PROBLEM DETAILS:
Go to the line below containing "Paire de tables" and print exactly from there through the line containing "Zilverkleurig kroontje Snowflake", both included. Print nothing else.

RECORDS TO USE:
***

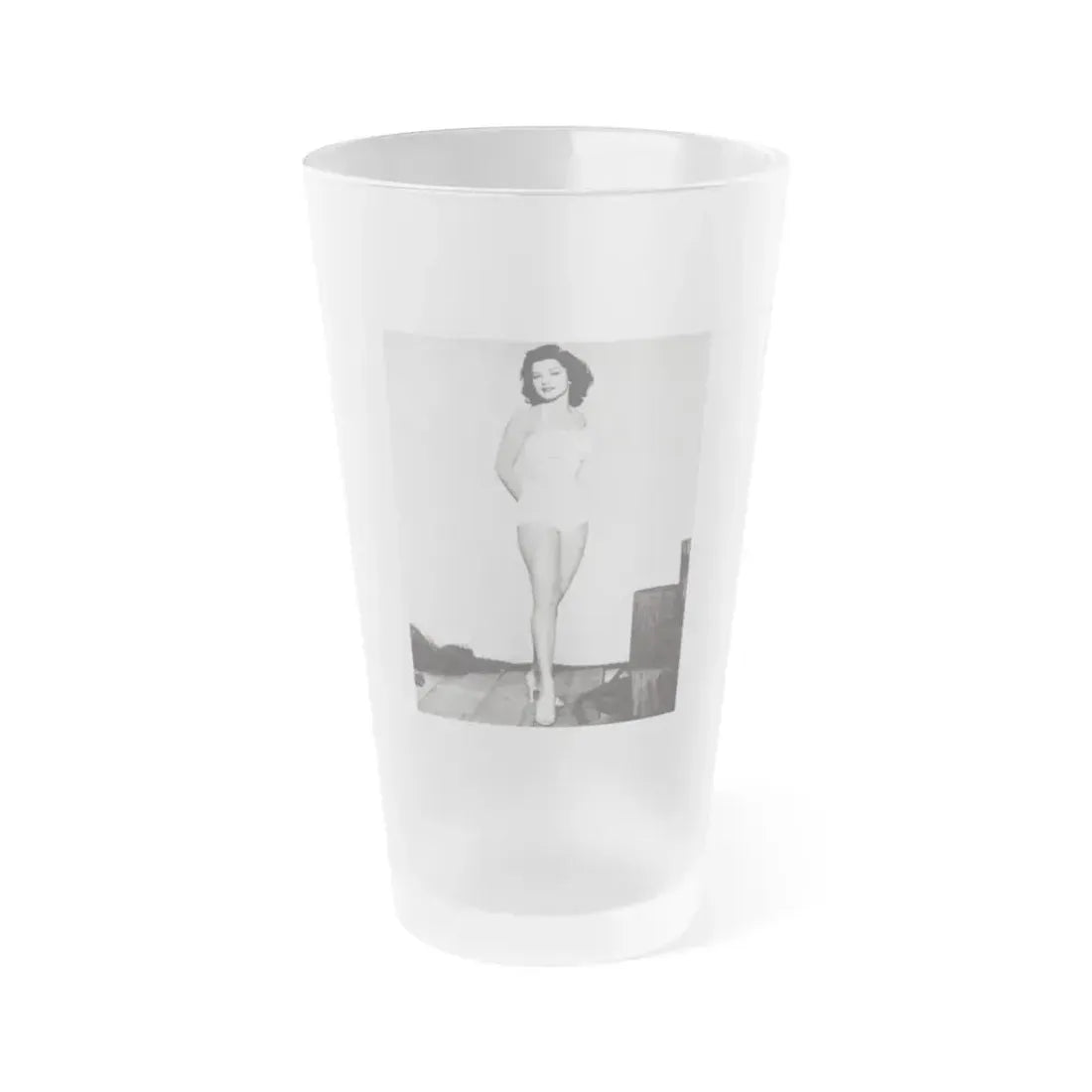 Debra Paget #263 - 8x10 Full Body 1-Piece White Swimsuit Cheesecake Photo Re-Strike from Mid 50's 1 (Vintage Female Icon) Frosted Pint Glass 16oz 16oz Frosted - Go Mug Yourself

***

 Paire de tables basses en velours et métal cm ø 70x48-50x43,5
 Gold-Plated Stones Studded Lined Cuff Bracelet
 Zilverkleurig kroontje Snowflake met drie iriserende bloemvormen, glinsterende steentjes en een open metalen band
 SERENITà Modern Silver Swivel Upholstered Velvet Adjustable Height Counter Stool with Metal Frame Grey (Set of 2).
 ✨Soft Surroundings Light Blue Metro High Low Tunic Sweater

***

TASK SOLUTION:
 Paire de tables basses en velours et métal cm ø 70x48-50x43,5
 Gold-Plated Stones Studded Lined Cuff Bracelet
 Zilverkleurig kroontje Snowflake met drie iriserende bloemvormen, glinsterende steentjes en een open metalen band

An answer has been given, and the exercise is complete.